The jury’s still out as to whether or not book trailers help sell books. But perhaps the bigger question is: Is anybody watching?
Most authors admit that the trailers on their websites aren’t attracting potential readers, since viewers land at the website because they’ve already heard of the book. And when authors post their trailers to YouTube, they know even the coolest production is likely to get lost in the sea of others. As for the display sites, aside from researching book trailers while preparing your own, when's the last time you spent ten minutes sampling book trailers? Thought so.
So the question isn’t so much “What can authors do with a book trailer?” It’s “How can authors get total strangers to view their trailer and pass the link along?"

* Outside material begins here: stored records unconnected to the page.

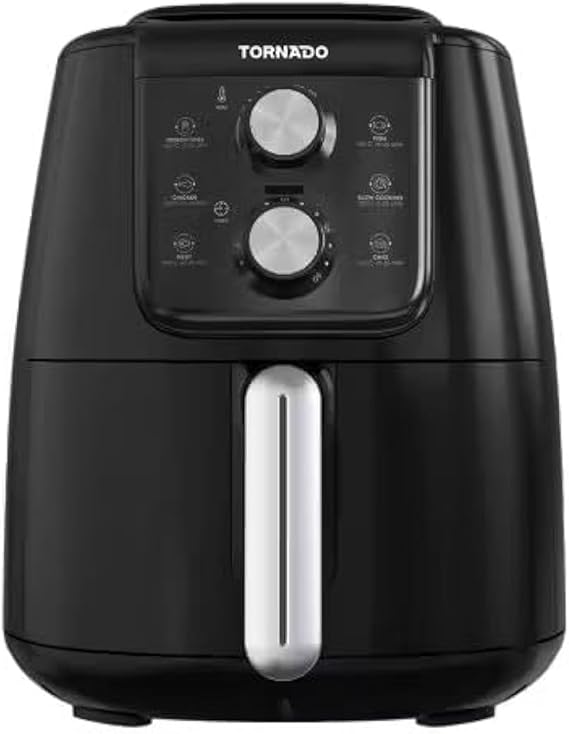 اير فراير تورنيدو، 4 لتر، 1550 وات، اسود وفضي - THF-1554M-XL-BS 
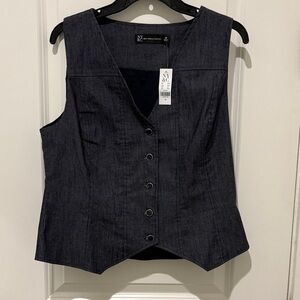 New York & Company Navy Denim Vest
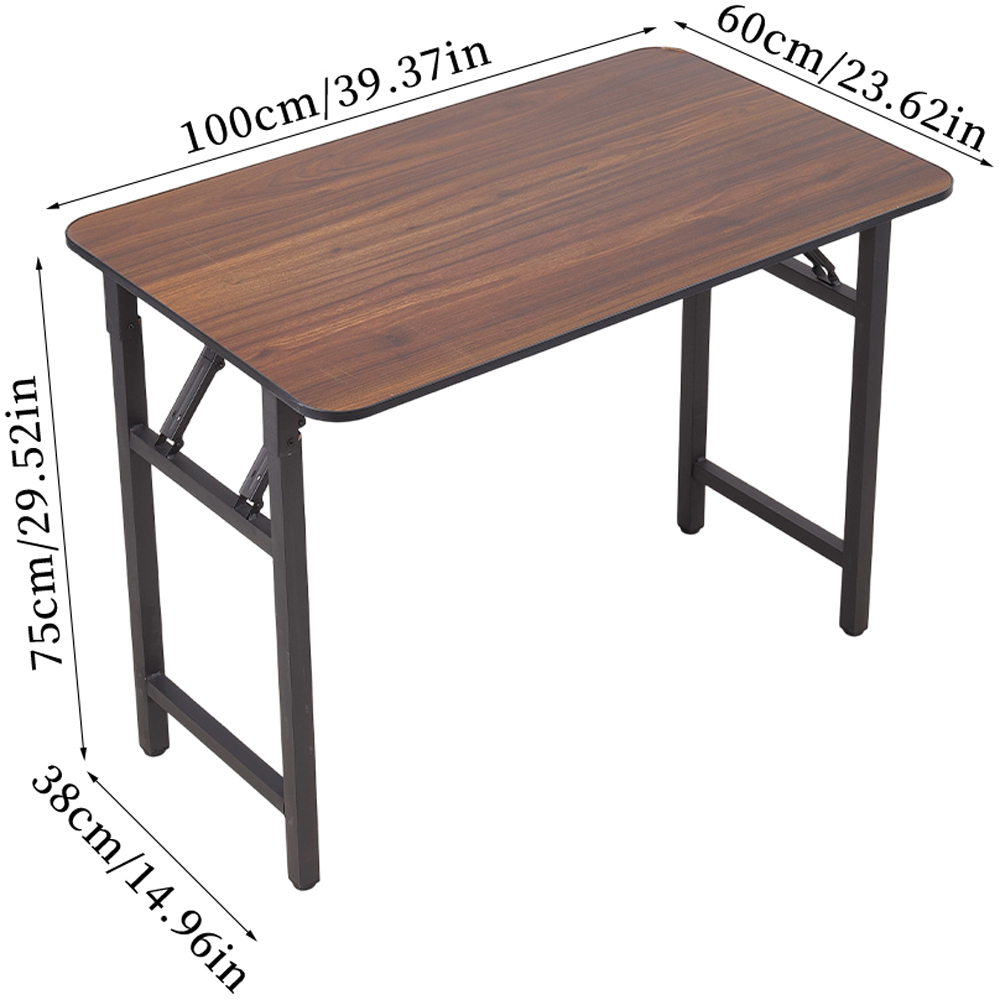 Living and Home 2 Seater Walnut Foldable Dining Table with Adjustable Feet Image 9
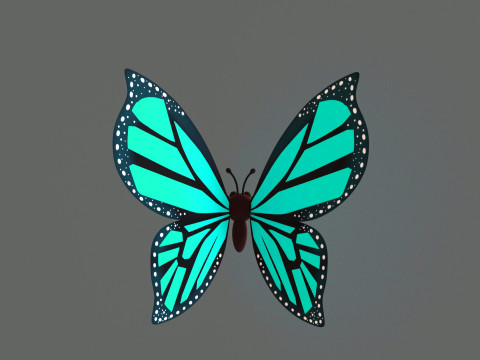 Cartoon Butterfly Wing Flapping Animated 03 3D-Modell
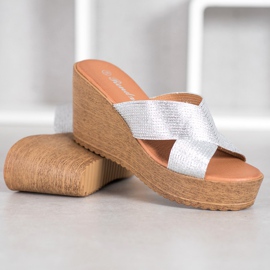 Renda Papuci cu pană argintie gri 2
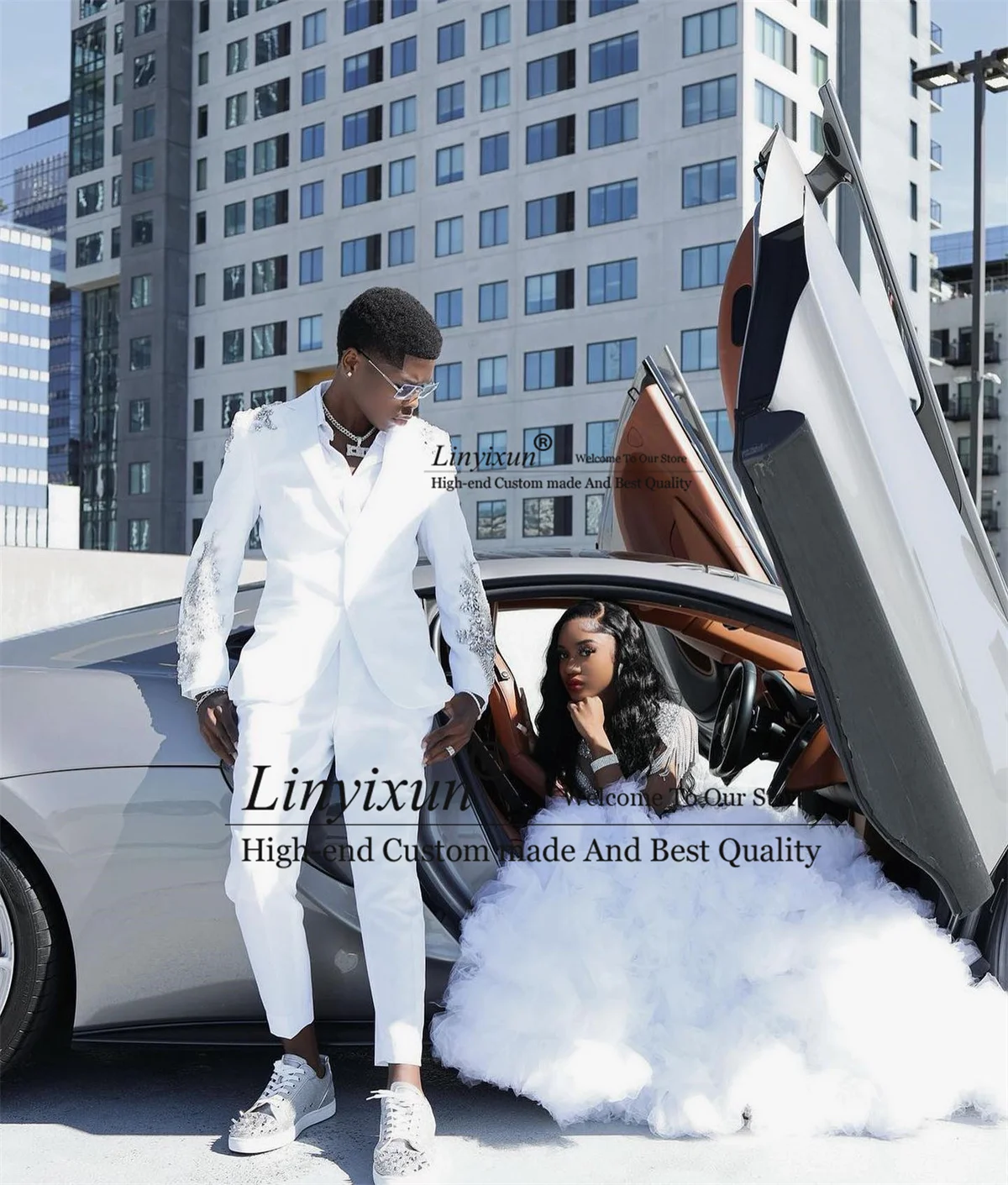 Sparkly Jewelry Ornament Men Suits 2 Pieces Set Groom Wedding Tuxedo Appliques Beaded Customized Party Prom Blazer Costume Homme
Sparkly Jewelry Ornament Men Suits 2 Pieces Set Groom Wedding Tuxedo Appliques Beaded Customized Party Prom Blazer Costume Homme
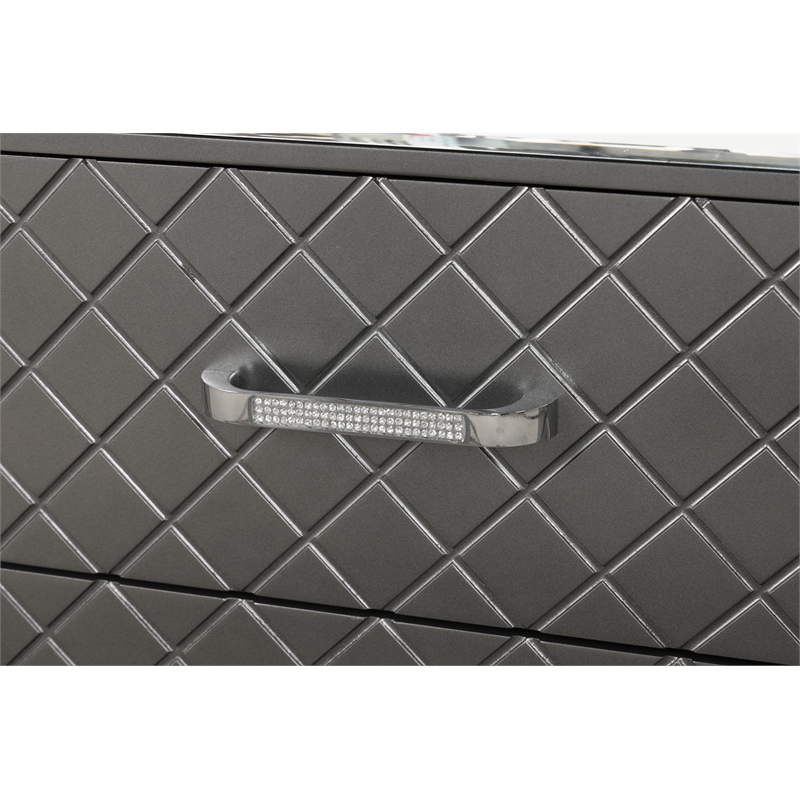 Maklaine Modern / Contemporary Nightstand Gunmetal Gray and Mirror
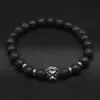 Venta al por mayor de pulseras con cuentas de cabeza de león, joyería, pulsera de piedra de Lava negra para hombres y mujeres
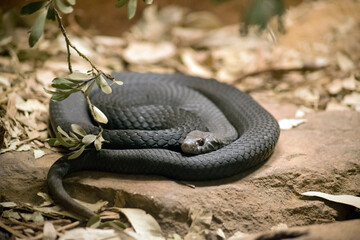 the black snake is a  venomous reptile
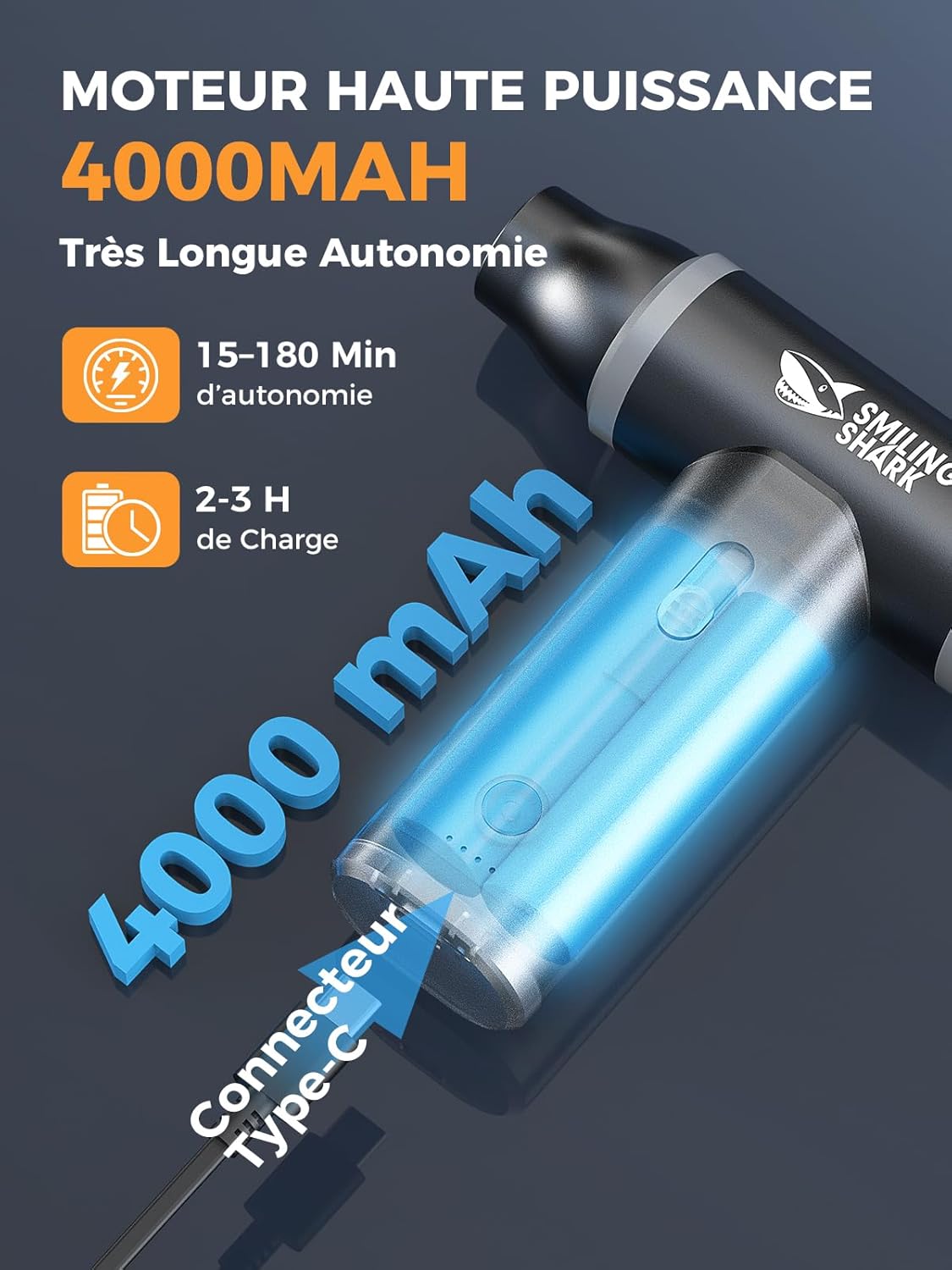 Thumbnail 4 de Souffleur d’air comprimé Smiling Shark J-01 (alliage d’aluminium) sans fil pour dépoussiérer PC, voiture et camping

Think about the last time someone sent you a link to a video. Then think about what made you send the link to someone else. Odds are, something in the video touched your emotions.
Maybe the video was cute, like the 8-year-old Irish girl making her prank phone calls, or maybe it was incredibly awesome and scary, like the El Caminito del Rey hiking trail in Spain. Maybe it made you laugh, like Mitchell and Webb’s agent-author parody or Dennis Cass’s how NOT to promote your book monologue.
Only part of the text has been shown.